A terceira característica - língua como forma -, interligada com as duas características anteriores, estabelece a primazia das formas e das estruturas linguísticas para a aprendizagem de línguas. Nessa perspectiva, sistemas linguísticos são separados de seus contextos sociais, de suas funções como ferramentas de interação, de seu potencial para a significação, de seu uso, o que, conforme as autoras, parece ser o mais importante para a maioria dos aprendizes. O foco no estudo do conhecimento formal das línguas, na visão das autoras, ignora a questão de como esse conhecimento é transformado em uso produtivo das línguas em suas formas oral e escrita, ou ainda, em usos social e culturalmente apropriados.

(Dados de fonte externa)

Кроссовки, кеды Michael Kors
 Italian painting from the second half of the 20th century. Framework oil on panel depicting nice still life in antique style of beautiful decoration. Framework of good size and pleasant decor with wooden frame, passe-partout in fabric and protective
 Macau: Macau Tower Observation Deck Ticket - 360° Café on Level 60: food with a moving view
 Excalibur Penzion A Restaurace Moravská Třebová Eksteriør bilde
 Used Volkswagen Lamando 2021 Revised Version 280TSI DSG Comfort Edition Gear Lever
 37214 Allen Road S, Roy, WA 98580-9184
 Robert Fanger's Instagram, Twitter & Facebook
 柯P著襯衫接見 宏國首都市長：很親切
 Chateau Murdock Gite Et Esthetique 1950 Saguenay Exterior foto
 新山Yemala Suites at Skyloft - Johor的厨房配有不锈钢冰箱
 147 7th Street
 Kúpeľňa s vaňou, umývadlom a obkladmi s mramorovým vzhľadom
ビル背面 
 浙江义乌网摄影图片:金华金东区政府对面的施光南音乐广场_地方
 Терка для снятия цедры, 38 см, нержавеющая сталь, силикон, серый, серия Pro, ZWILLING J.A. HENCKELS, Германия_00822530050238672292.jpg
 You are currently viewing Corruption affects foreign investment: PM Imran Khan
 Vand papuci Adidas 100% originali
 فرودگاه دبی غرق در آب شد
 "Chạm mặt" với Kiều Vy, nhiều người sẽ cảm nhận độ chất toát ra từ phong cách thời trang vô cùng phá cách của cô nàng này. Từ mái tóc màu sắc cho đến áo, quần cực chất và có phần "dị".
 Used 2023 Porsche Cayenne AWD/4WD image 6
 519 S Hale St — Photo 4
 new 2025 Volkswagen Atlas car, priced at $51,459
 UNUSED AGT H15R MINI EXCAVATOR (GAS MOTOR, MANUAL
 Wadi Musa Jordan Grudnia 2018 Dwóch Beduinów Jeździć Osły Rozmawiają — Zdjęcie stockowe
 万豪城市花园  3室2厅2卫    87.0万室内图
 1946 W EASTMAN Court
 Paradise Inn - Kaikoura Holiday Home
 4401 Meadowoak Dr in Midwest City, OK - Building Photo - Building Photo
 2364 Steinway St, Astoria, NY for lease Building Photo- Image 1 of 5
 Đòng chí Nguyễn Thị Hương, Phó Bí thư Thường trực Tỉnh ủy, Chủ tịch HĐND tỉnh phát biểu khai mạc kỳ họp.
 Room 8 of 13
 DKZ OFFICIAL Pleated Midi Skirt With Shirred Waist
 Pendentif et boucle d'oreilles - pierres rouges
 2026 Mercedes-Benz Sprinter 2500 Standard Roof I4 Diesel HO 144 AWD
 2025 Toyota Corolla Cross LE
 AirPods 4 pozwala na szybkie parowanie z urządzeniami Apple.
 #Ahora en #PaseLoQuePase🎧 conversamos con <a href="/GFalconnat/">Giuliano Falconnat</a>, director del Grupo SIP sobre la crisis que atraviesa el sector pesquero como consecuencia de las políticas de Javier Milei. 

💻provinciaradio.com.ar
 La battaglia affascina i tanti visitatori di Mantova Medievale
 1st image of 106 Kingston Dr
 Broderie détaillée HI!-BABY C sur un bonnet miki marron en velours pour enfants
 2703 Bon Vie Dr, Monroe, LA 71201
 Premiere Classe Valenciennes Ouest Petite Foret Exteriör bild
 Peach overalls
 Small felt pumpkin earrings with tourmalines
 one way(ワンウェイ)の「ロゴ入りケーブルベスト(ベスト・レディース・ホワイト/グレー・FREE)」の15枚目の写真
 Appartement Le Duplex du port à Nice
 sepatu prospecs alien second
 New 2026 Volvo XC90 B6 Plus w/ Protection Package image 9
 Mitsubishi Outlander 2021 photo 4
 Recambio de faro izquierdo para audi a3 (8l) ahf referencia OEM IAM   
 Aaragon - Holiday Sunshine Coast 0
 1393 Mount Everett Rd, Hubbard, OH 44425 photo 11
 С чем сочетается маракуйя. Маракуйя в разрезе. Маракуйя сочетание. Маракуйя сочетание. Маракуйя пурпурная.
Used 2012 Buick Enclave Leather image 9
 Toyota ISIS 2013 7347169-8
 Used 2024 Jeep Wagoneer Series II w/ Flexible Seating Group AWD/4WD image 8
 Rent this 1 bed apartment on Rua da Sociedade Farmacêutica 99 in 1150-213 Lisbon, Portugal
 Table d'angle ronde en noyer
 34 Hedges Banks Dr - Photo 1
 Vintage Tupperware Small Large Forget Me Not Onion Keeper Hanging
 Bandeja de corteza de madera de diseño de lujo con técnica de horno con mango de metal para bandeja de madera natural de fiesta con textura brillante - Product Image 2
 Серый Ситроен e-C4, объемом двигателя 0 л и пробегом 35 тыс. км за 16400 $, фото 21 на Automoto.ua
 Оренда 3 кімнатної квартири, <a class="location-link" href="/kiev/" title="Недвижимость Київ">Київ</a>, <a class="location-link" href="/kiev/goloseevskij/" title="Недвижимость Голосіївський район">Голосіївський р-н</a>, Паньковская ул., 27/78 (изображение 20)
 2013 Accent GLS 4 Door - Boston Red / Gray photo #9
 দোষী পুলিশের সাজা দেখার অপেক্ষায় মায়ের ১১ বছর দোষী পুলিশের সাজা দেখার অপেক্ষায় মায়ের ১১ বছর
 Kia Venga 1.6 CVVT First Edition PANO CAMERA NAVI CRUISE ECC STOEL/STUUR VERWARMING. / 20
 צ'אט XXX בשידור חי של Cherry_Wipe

Por fim, a quarta característica da concepção monolíngue do conceito de língua se relaciona à primazia da representação escrita nas práticas de ensino das línguas. Desse modo, o conceito de língua nacional se combina com a ideia de sua gramática formal e descontextualizada presente na forma escrita. O aprendiz aprende uma língua, memorizando o conhecimento formal dessa língua (sua gramática) assentado em fontes impressas. Essa característica contribui para produzir, de acordo com Dufva et al. (2011, 2012), uma epistemologia monológica que, na sala de aula, resulta na política da resposta correta, da voz singular e da autoridade.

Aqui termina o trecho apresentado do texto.